Breanna Anderson – Pillars of Pride Honoree 2022

In 1990, after growing up a dutiful son in a conservative Christian home,  Breanna exploded out of the closet and into a community she had no idea even existed up to that time.  Waiting for her was community and support at Ingersoll Gender Center.  The support groups and information helped Breanna to fully embrace and actualize her identity as a woman and for that she is eternally grateful.  She immediately engaged to return the favor by joining the peer facilitators that have always been the heart of Ingersoll’s support.   
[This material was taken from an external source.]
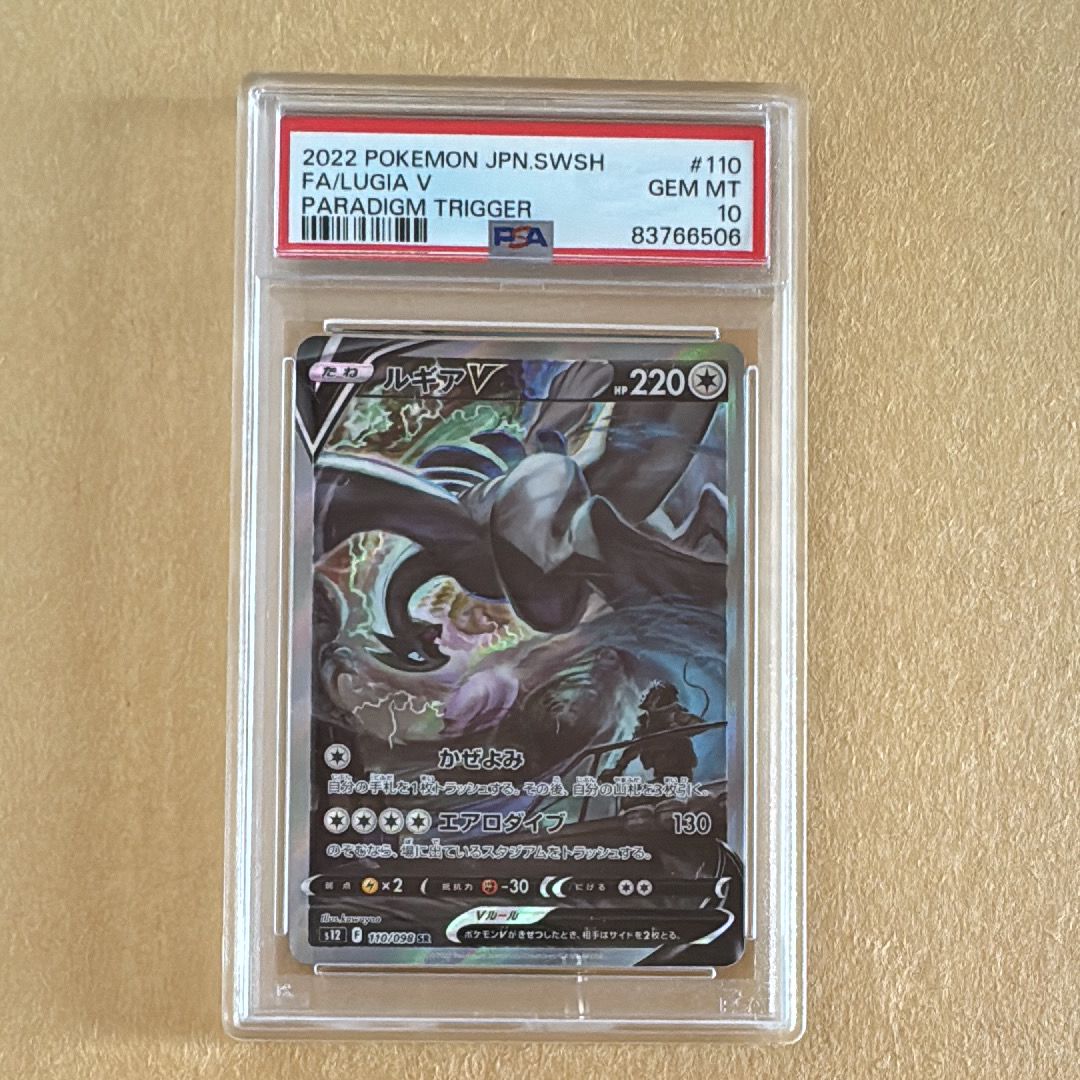 ルギアV SR:SA[s12 110/098](拡張パック「パラダイムトリガー」)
Wanting to further integrate with the burgeoning Seattle Queer Community, she joined the scrappy queers of Q Patrol, learning physical confidence and giving pride to the Capitol Hill community they watched over on the weekends.  This led to involvement with the Seattle LGBT Pride Parade.  First as Security Captain, Security Chair and finally Co-Chair of the Freedom Day Committee in 1996, she increased her participation and service to the community in this important and historical Seattle institution.   
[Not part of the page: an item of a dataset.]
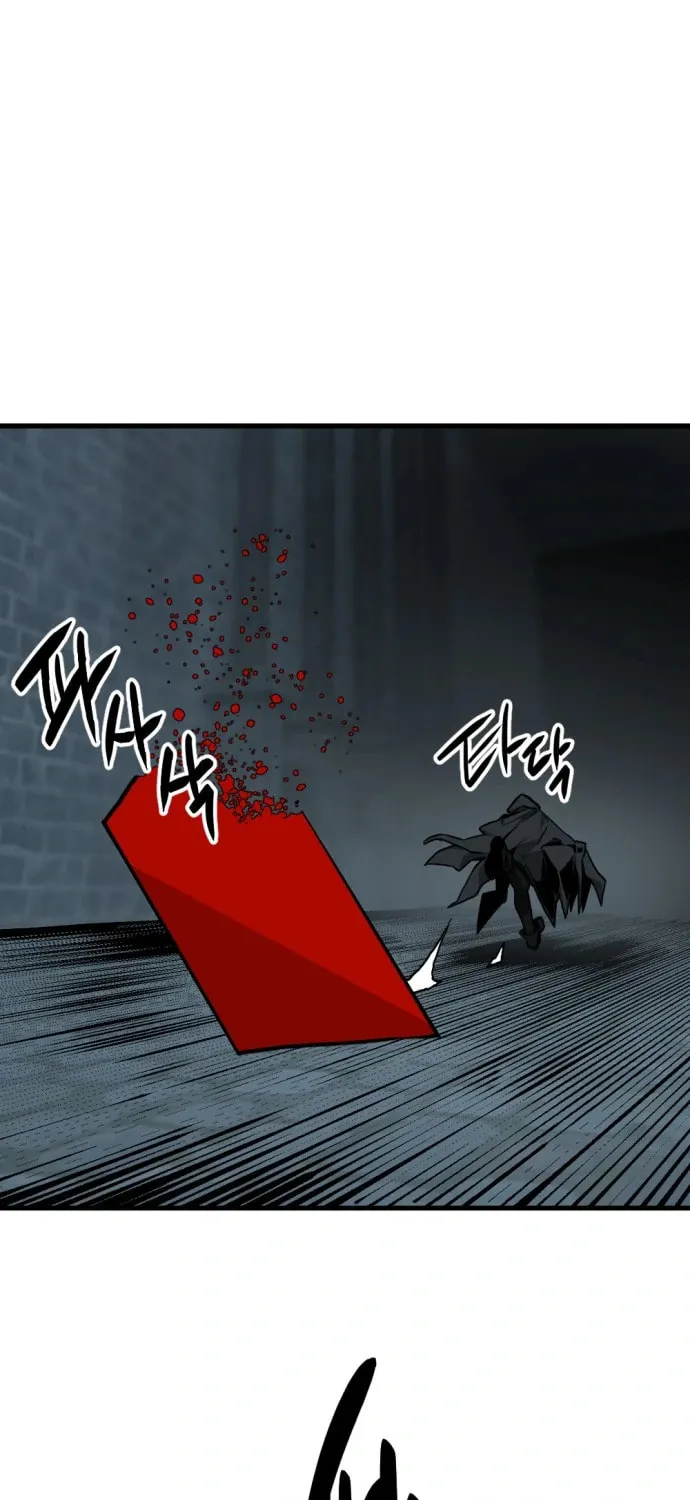 Hero Killer Chapter 123 page 47 -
In 1996, as a Microsoft employee she joined the Microsoft LGBT employee group GLEAM and helped the GLEAM and Microsoft understand and incorporate the needs and concerns of Transgender people to make it a great and welcoming place for Trans and Gender Non-binary people to work. 

In the early 2000’s Breanna returned to the board of Ingersoll Gender Center and immediately launched one of the largest regional needs assessment surveys that had been done to date.  This research, including thousands of participants, predated the large national surveys that would follow and helped Ingersoll to understand the evolving nature of our complex community and to serve it more effectively. 

Breanna joined the board of the LGBT community center as Ingersoll became a program of that center for a few years.  As the LGBT Community Center wound down, she served as co-chair for a period to bring it to a good stopping point and hand off programs to community partners. 

Breanna participated in the reconstitution of Ingersoll as an independent non-profit organization and served again on the board of Ingersoll and led the facilitation team for many years, piloting a number of changes and refinements that have become part of the new traditions of Ingersoll’s decades of support groups.  In her term with Ingersoll she led the buildout of its first offices and community center and led the Seattle Trans Economic Empowerment Project (STEEP) to address lasting issues of economic discrimination and underemployment. 

Breanna also served for two years on the board of Out In Front, an amazing LGBT leadership training organization that has been cultivating generations of inspiring community leaders. 

Breanna lives with her partners Maggie Metcalfe and Ryan Blackhawke in rural North Washington.  Breanna and her partner Maggie are board directors at South Fork Valley Community Association doing rural community building as out and visible queer people. They have 6 amazing and unique adult children.